● BRIEF: Every line containing the word "Leather" must be pulled from the records.

Data excerpts:
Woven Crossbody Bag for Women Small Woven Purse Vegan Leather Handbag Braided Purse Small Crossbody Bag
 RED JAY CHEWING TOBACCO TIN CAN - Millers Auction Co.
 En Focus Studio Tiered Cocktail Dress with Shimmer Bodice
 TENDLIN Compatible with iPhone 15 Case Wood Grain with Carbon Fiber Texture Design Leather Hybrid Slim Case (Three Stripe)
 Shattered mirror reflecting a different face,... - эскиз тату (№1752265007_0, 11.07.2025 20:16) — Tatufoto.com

● SOLUTION:
Woven Crossbody Bag for Women Small Woven Purse Vegan Leather Handbag Braided Purse Small Crossbody Bag
 TENDLIN Compatible with iPhone 15 Case Wood Grain with Carbon Fiber Texture Design Leather Hybrid Slim Case (Three Stripe)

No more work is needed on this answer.